Another Czech film, We Are Never Alone by Petr Václav, tackled the very same condition through its male characters, who capitulated in favor of passiveness and wallowed in nihilism, more unwilling than incompetent to act against it. The thematic overlapping of both films (and several others) only confirms the shared universal and alarming endemic condition across the nations.
In the desolate setting of Godless, the answer does not sound as misplaced. On the contrary, the terse reply, maybe one of the most austere yet civic celebrations of the triumph of human will, revives Gana´s numb senses the same way Yoan's (Orthodox Christian) choir does.
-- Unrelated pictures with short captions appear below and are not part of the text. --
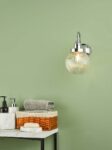Tamara Bathroom Wall Light With Switch Chrome Ribbed Glass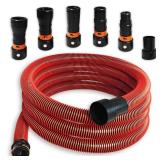 16FT Shop Vac Hose, Dust Collection Hose Kit for Home&Shop Vacuums System with 6 Adapters for Woodworking Power Tool & Sander, Compatible with festool/dewalt/bosch/ryobi/makita, etc Most Multi-Brands 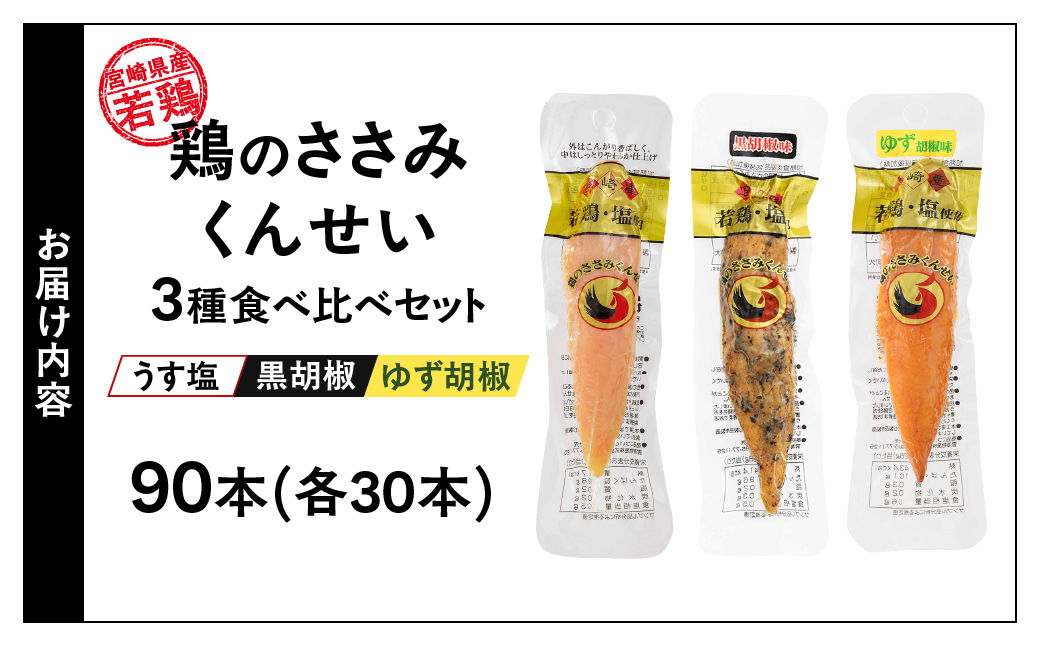 鶏のささみくんせい 3種食べ比べ 90本セット ＜うす塩・黒胡椒・ゆず胡椒 ＞ おつまみ スモーク チキン 燻製【雲海物産】_A0114-157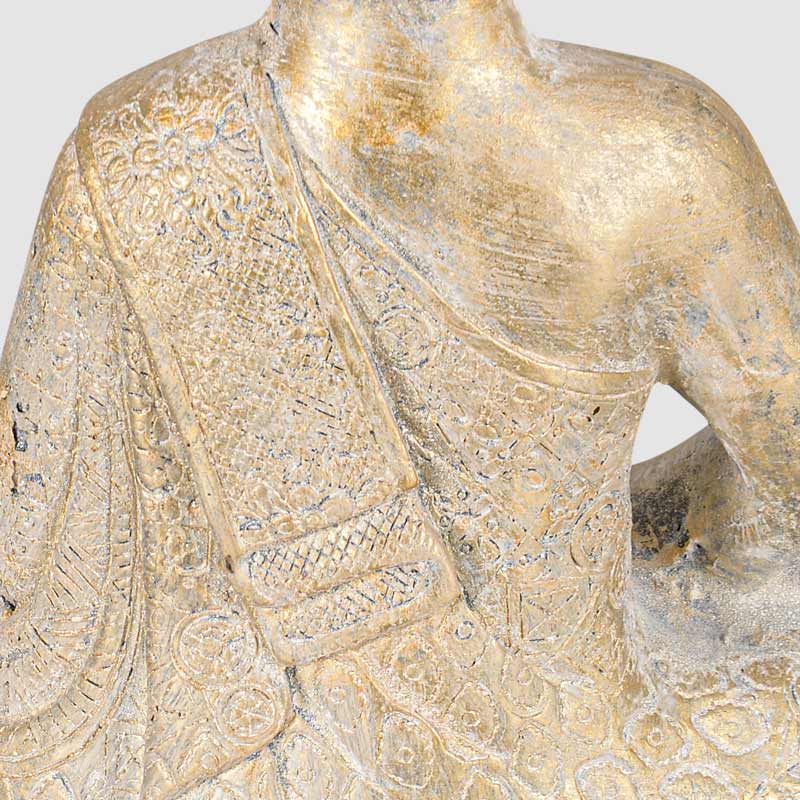 Statue de Bouddha assis gris et doré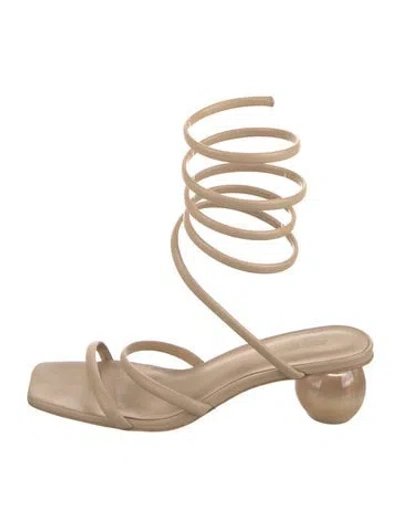 Pre-owned Cult Gaia Leather Gladiator Sandals In Neutral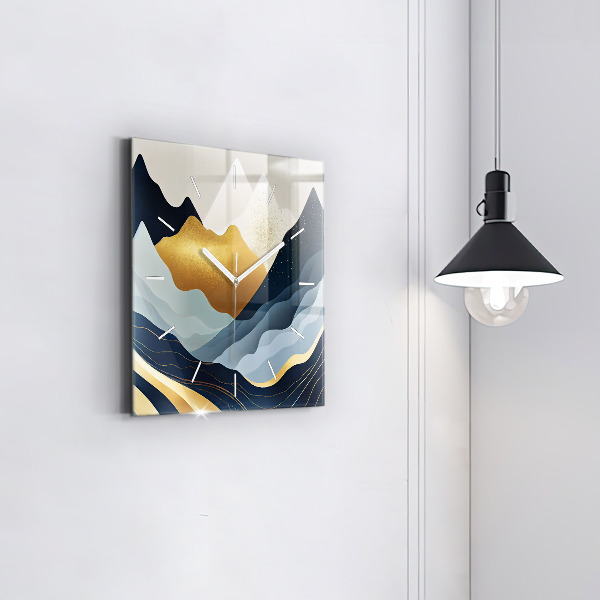 Wanduhr quadratisch Abstrakte Berge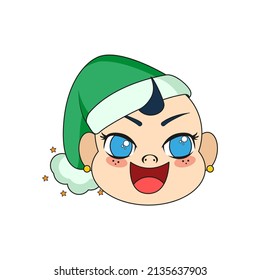 Isolated green baby christmas borderline cute face vector illustration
The transcendental power of angelic voices reminds the protagonist of things beyond the murky cesspool of poverty, sickness and despair.
It is this kind of spirituality, freed from the shackles of organized religion, that eventually awakens a tiny piece of joy in Gana, the same way that the disturbing corporeality of Rúnar Rúnnarson's Sparrows is overcome by the protagonist singing and Iceland's pristine vistas.
Even though Ivanova has the largest amount of screen time, the director reserved a space to smear corruption in a scathing portrayal of the country's rotten political system, where people who are supposed to protect and assure justice are basically raping it on running basis without frowning a brow. The director´s indictment is more urgent, as the disintegration that eventually affects the whole society, not only working class of a provincial town, runs to the upper echelons of the apparatus.
The art production and locations pungently invoke the general atmosphere of moral decay and omnipresent daily misery through a bare bone aesthetics that could be simply described as Eastern European dystopia. A necrotizing post-industrial town past its prime, riddled with concrete chunks of the Communist era architecture dilapidating along washed out interiors of decades ago form an overwhelming visual cacophony of disintegration, forsakenness, hopelessness and dehumanization, sprinkled with a suffocating spleen.
A similarly socially-conscious venture was explored in The Lesson, a poverty porn thriller by Bulgarian tandem Petar Valchanov and Kristina Grozeva. Although poverty is still a factor in Godless, not as a catalyst but as a mundane reality, Petrova shifts the lens to deliver a moral thriller in the frame of a social drama, wielding the minimalistic and raw style to a piercing and lasting effect. It may seem that Petrova beats vigorously the very same drum as her predecessors did, but she makes sure to bring her own notes.